Keysight will not advertise things they know they can't deliver on.
And if you think A brand did not implement 500uV/div to 1Mohm scope front end... bullshit.
Take example just one poor example, old TEK 2225
(more things can find in this older thread about 500uV/div scopes)
futile and futile...try it with same price class Keysight, not even if you double or triple this price..
You're going to use the Tektronix 2225 as example?
So, before we continue this ridiculous use of a very specific scope as example, you are aware that the 2225 has a bandwidth of only 50 MHz which reduced to 5 MHz when you turned on the x10 amplifier? At least mention a semi-recent Keysight scope like your colleague did. Mind you, Keysight actually was smart enough to enable the bandwidth limiter for this "magnification".

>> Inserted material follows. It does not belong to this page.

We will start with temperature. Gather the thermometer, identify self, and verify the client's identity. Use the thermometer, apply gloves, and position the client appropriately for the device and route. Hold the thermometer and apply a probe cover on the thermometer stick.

And it's not because the manufacturer puts "it can do <something>" on the box that it is either meaningful or true. Stop the damned sales pitch or at the very least admit you're associated with Siglent at this point, because it's quite obvious. All you have to do to sell scopes is say "look, we built something with a usable interface at this price point and it can do this", stop trying to add on features that don't actually work properly.
but this can do in real life and there is many oscilloscopes in this price class or even higher what can not do even this. Of course accuracy, or is it better say inaccuracy, is what it is but still this give lot of more than nothing. Watching 3.3V supply rail level (this is why DC coupling and fixed vertical offset mode) and some details in it. 10x probe just because you said it.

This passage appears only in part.